### WHAT TO WORK ON
Write out the entire listing below exactly as it appears, minus any pictures.

### STORED DATA
+===+

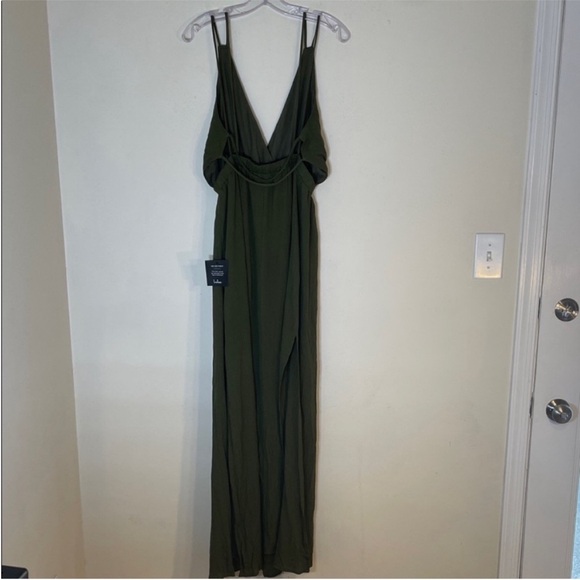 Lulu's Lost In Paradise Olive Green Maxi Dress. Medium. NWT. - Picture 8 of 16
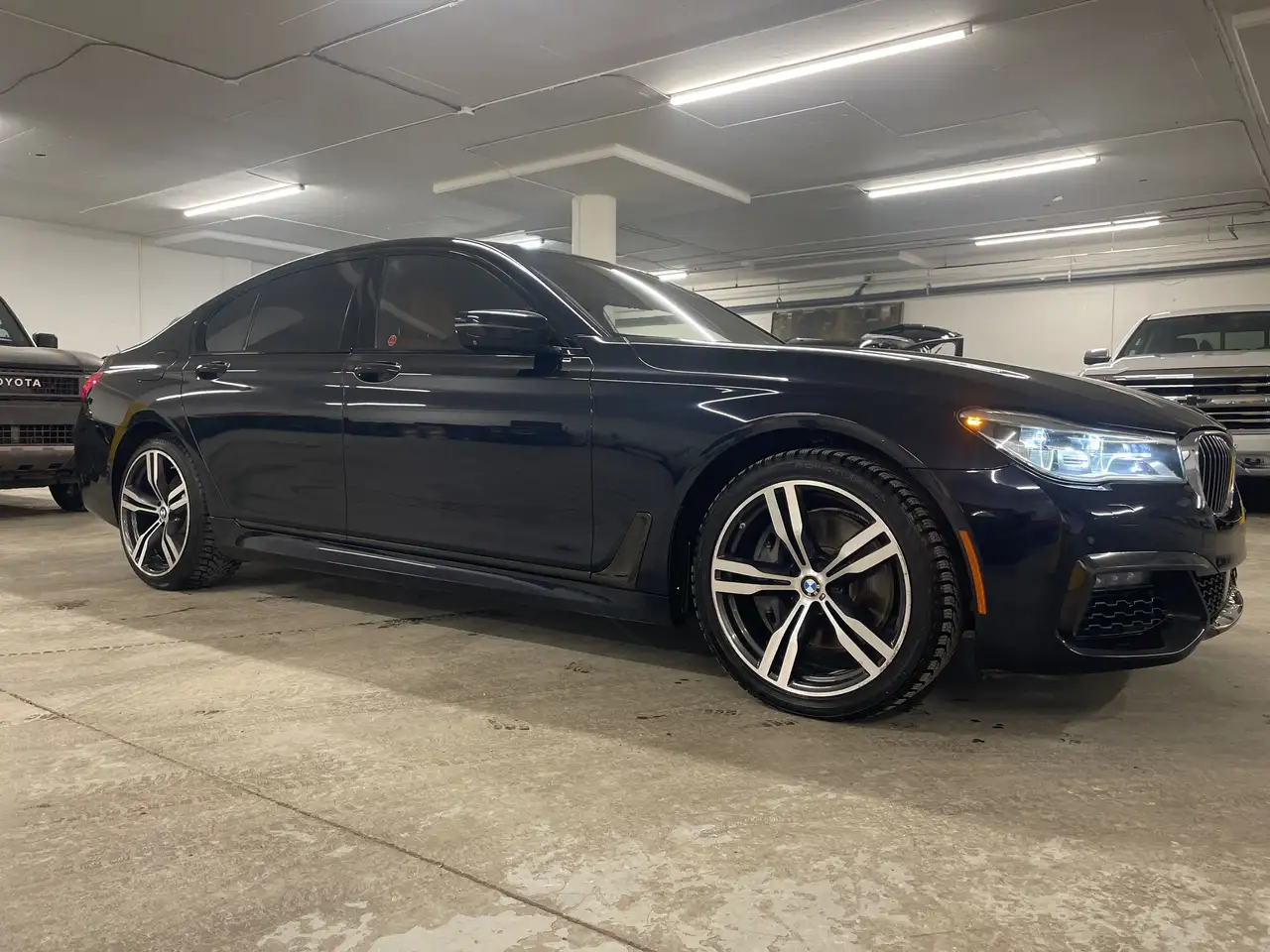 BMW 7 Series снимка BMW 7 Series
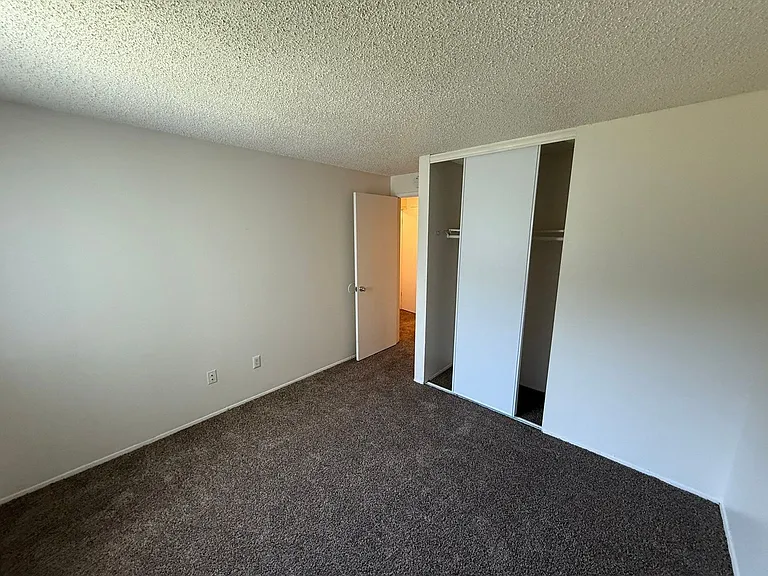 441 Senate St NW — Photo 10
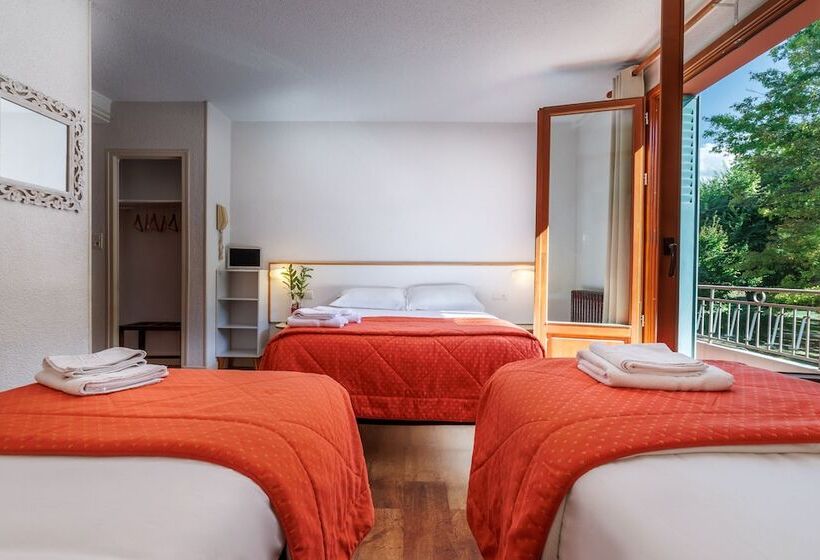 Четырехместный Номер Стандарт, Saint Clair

+===+

### SOLUTION
 Lulu's Lost In Paradise Olive Green Maxi Dress. Medium. NWT. - Picture 8 of 16
 BMW 7 Series снимка BMW 7 Series
 441 Senate St NW — Photo 10
 Четырехместный Номер Стандарт, Saint Clair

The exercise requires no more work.